Su “Il Sole-24 Ore” del 7 agosto, il Consigliere d’Amministrazione RAI Sandro Curzi suggerisce che la Rai diventi una public company ad azionariato diffuso come unico rimedio per uscire dall’attuale impasse. Non è una missione impossibile. Anzè è percorso fattibile ed auspicabile che ho suggerito un anno fa su “Il Domenicale” e più recentemente nel “Sesto Rapporto di Società Libera sulla Liberalizzazione della Società Italiana”. Nella quadro attuale di conti in bilico e profonde liti interne a tutti i livelli, si potrebbe pensare che la Rai avrebbe difficoltà a trovare altri acquirenti che non fossero la Croce Rossa, la Comunità di Sant’Egidio, la Caritas o simili (sempre che la avessero a prezzo zero e con mani libere nel rimettere in sesto ciò che resta di un’azienda per decenni in monopolio e desiderosa di tornare ad essere tale)
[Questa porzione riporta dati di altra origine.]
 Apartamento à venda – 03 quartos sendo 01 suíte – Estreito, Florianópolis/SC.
Una via, tuttavia, c’è.. Occorre utilizzare immaginazione, esperienza e fegato. Il primo passo può sembrare bizzarro: collegare la privatizzazione della Rai alla nascita di una vera previdenza complementare per gli italiani. Il secondo consiste nel renderla una vera public company C’è un precedente importante: il modo in cui sono state realizzate le privatizzazioni ed i fondi pensioni in Bolivia negli Anni Novanta, seguendo i suggerimenti di Steve H. Hanke, Direttore del Centro di Economia Applicata della Università Johns Hopkins di Baltimore e Senior Fellow del Cato Institute.
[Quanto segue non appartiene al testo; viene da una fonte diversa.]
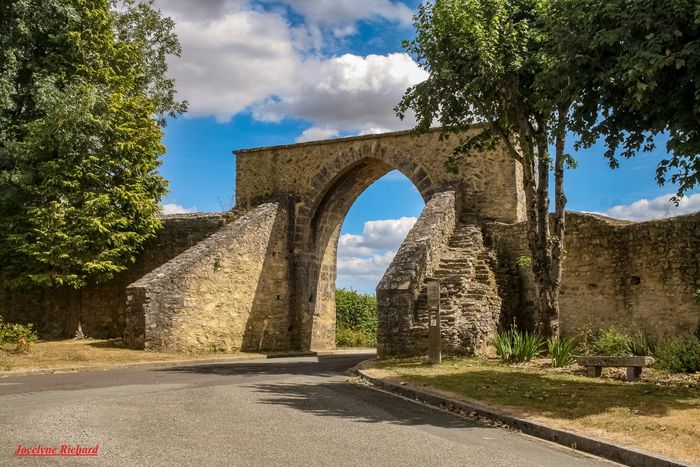 Retour au XII ème siècle, Porte Saint-Mathurin, Bourg le Roi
In pratica, ciò vuol dire dare azioni Rai a tutti gli italiani. Seguendo quale metodo? Uno semplicissimo: l’età anagrafica, quanto più si è anziani tanto più si è pagato il canone (e ci si è sorbiti Santoro, Baudo e quant’altro), avendo, dunque, titolo ad un risarcimento con azioni da impiegare per la tarda età. Le azioni sarebbero vincolate per un lasso di tempo – ad esempio, cinque anni – a non essere poste sul mercato ma ad essere destinate ad un fondo pensione aperto (ed ad ampia portabilità) a scelta dell’interessato il quale, però, manterrebbe tutti i diritti (elezione degli organi di governo, vigilanza sul loro operato, definizione dei loro emolumenti) di un azionista (in base alle azioni di cui è titolare sin dal primo giorno). Gli azionisti deciderebbero se scorporare le reti. Unica regola: applicazione delle stesse norme contabili che si applicano al resto dell’universo delle s.p.a. (con fallimento e liquidazione se i consuntivi vanno da profondo rosso a profondo rosso ed i debiti diventano non sostenibili) Il management dell’intera Rai (o di una rete) che non ci riesce sarebbe passabile di azione di responsabilità e, ai sensi della normativa societaria in vigore, se l’indebitamento supera certi parametri la liquidazione diventerebbe obbligatoria.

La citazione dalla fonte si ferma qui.